I’ve known my husband since we were young and we were lovebirds for five years before we tied the knot. Before marriage, we always argued but would always go back to being on good terms after that.
About a year into our marriage, my husband began to act weird when it came to intimacy. We had arguments about this issue of him not touching me at all for months. But all he said was that I think too much.
I didn’t have any thoughts of him having another woman outside. I just wondered why a man would not touch his wife and why he refused to let me touch him too.
I really struggled about this for a year and after that, I felt like leaving him. But I can’t do it. I do not have the courage to do anything about it, whether it is divorce or separation.
Now that our age is increasing every year, I am really looking forward to having my own child. Besides this, he also gives excuses every time I make travel plans with him. But when I go with others, he will put me on a guilt trip.
I feel so tired in this relationship and I really want to leave. The problem is, he is my financial supporter most of the time. I do not know what to do. I hope you can give me the best advice. Thank you.
There appears to be several issues here: Sex, fertility, communication, money and power. We’ll go with the last issues first, the money and power.
My dear, you are an adult woman. Earn your own money and be financially independent. There is no reason for you to be trapped in unhappiness.
The question is, are the issues that worry you so bad that you need to end your marriage? When I read your letter, I wondered whether you do secretly suspect an affair. Men who cheat sometimes go off their wives and take their lovers on business trips.
My other take was a kinder one: Too much frustration and bad communication messing up a relationship.
As I’ve covered the topic of lovers recently, (I think my husband cheated on me but I still love him, Feb 10, 2019; Husband feels no shame about having a mistress, Oct 14, 2018) I’m going to answer this letter on the second take.
Communication is a major issue. You have to guess at why he doesn’t want sex, and he guilt-trips you. That’s not good. You both need to learn to open up and talk honestly. Buy some self-help books on this issue. Take a couples workshop – together.

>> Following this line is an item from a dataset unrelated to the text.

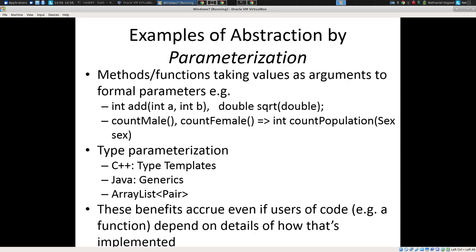Methods and functions take arguments of various sorts that tell them what to do. We go from having separate countMale and countFemale functions to a single countPopulation function that takes a sex parameter — count now for males, count now for females — one function that does the same basic job, capturing the essential components. Or we have an ArrayList of pairs, or a Java generic of doubles. We use abstraction by parameterization a lot; it should be familiar to everyone.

Your love life and your desire to have a baby are two different things, but related, so we’ll put them into one.
From your letter, I can’t tell if your courtship included sex or not. If it was chaste and you only had sex during that first year of marriage, you may have different sexual styles or different libidos.
But, if you had six years of a good sex life, followed by an abrupt break, it’s less likely to be libido or style. Apart from the dark scenario above, common reasons include stress, physical illness, erectile dysfunction, difficulties in communicating needs, and more.
Again, you need to talk openly to each other. When you do, remember that intimacy includes cuddling, kissing, and other non-penetrative activities. So, there is lots of room for give and take. The fact that you’ve been friends since young should help, but as these issues are tricky, be very gentle and respectful to each other.
Also, and this is purely speculation on my part, are you both set on being parents? Because if it’s just you, he may be staying away because he’s not ready to be a dad.
Too many men feel they have to carry the whole household: Food, rent/mortgage, and a gazillion other payments. It’s scary stuff and as men often suffer from the false belief that they need to be “in charge”, some are too shy to speak out about their feelings.
In short, you need to know more before making an informed decision. Once you learn to talk openly, it may be that you resolve your difficulties. Or, you may decide that you are fundamentally incompatible and that the marriage can’t work. If you decide to split, don’t despair. You can both start again.
It’s not easy to untangle all these threads, and you’ll have to consider and possibly change your attitudes and beliefs. If reading up isn’t enough, talk to a therapist. I do wish you lots of luck.